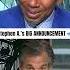 Mad Dog Is Stephen A S BOSS NOW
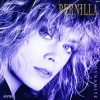 pernilla wahlgren - Love Is An Art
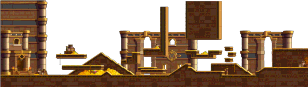 Royal Chambers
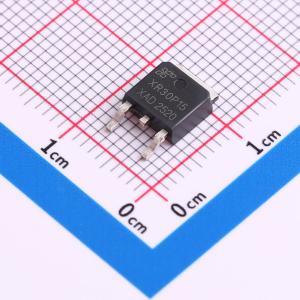 XR30P15商品缩略图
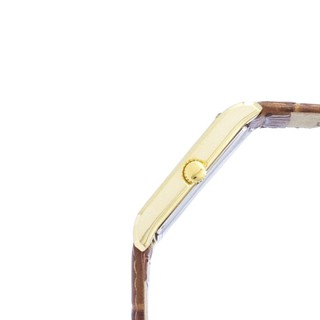 Đồng Hồ Nữ Citizen EJ6122-08A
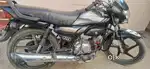 new bick la ne ha is liyo bach rha hu ma isa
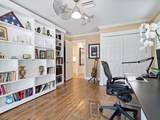 606 Owl Way - Photo 25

**********

PROBLEM TO WORK ON
Without any pictures, retype the records above exactly.

RESULT
 Mad Dog Is Stephen A S BOSS NOW
 pernilla wahlgren - Love Is An Art
 Royal Chambers
 XR30P15商品缩略图
 Đồng Hồ Nữ Citizen EJ6122-08A
 new bick la ne ha is liyo bach rha hu ma isa
 606 Owl Way - Photo 25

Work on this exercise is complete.